▸ Work to complete: All the records that follow need to be reproduced exactly. Omit the images.

▸ Captioned web image data:
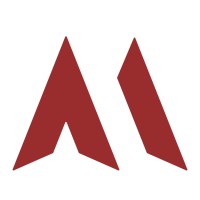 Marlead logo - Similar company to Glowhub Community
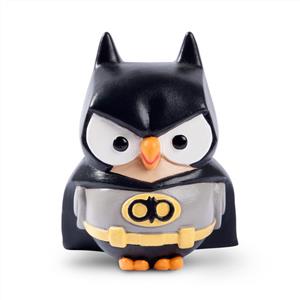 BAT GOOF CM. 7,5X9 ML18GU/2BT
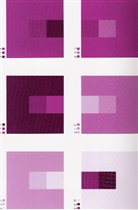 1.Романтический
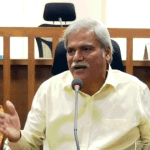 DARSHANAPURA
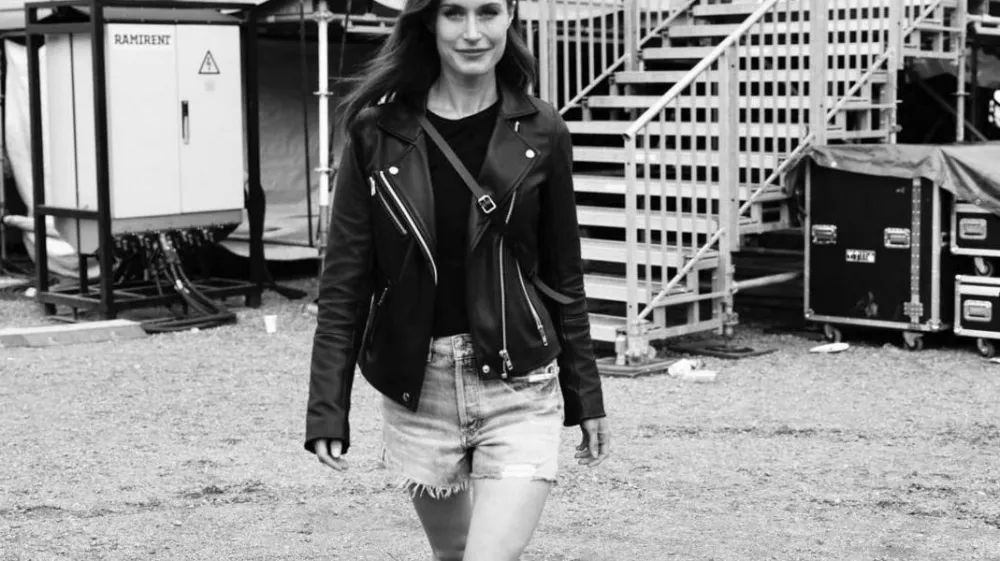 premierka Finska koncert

▸ Answer for the task:
 Marlead logo - Similar company to Glowhub Community
 BAT GOOF CM. 7,5X9 ML18GU/2BT
 1.Романтический
 DARSHANAPURA
 premierka Finska koncert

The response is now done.